## Exercise:
Go line by line through the entries below and copy those containing the string "with".

## Input records:

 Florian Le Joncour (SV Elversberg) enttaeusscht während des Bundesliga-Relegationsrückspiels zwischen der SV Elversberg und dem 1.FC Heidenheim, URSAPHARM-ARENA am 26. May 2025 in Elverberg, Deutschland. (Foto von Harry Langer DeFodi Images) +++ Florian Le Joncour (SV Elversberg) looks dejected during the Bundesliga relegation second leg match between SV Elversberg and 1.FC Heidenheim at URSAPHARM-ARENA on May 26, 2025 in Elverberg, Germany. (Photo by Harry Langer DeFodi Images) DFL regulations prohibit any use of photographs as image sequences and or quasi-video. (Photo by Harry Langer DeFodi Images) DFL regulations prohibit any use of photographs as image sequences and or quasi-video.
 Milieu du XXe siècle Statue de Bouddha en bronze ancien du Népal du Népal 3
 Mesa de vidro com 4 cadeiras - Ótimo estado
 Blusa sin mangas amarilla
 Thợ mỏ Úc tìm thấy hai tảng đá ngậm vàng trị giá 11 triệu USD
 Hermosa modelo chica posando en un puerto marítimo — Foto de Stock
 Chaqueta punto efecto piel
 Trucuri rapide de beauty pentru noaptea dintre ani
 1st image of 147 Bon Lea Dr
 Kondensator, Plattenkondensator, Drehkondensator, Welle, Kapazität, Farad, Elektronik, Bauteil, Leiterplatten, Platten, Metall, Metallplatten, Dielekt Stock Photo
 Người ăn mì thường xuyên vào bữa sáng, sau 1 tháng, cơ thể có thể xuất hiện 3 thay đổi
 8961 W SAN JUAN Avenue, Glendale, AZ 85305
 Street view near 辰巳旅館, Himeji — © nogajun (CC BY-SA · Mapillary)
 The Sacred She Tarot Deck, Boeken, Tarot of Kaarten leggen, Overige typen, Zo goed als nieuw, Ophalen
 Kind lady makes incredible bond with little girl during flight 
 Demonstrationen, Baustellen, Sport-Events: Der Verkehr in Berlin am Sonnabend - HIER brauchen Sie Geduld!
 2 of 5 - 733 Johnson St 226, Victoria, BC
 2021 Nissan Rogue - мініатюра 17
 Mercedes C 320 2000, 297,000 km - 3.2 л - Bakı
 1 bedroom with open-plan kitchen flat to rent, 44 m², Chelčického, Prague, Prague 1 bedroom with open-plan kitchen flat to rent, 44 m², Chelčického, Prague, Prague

## Exercise answer:
 Kind lady makes incredible bond with little girl during flight 
 1 bedroom with open-plan kitchen flat to rent, 44 m², Chelčického, Prague, Prague 1 bedroom with open-plan kitchen flat to rent, 44 m², Chelčického, Prague, Prague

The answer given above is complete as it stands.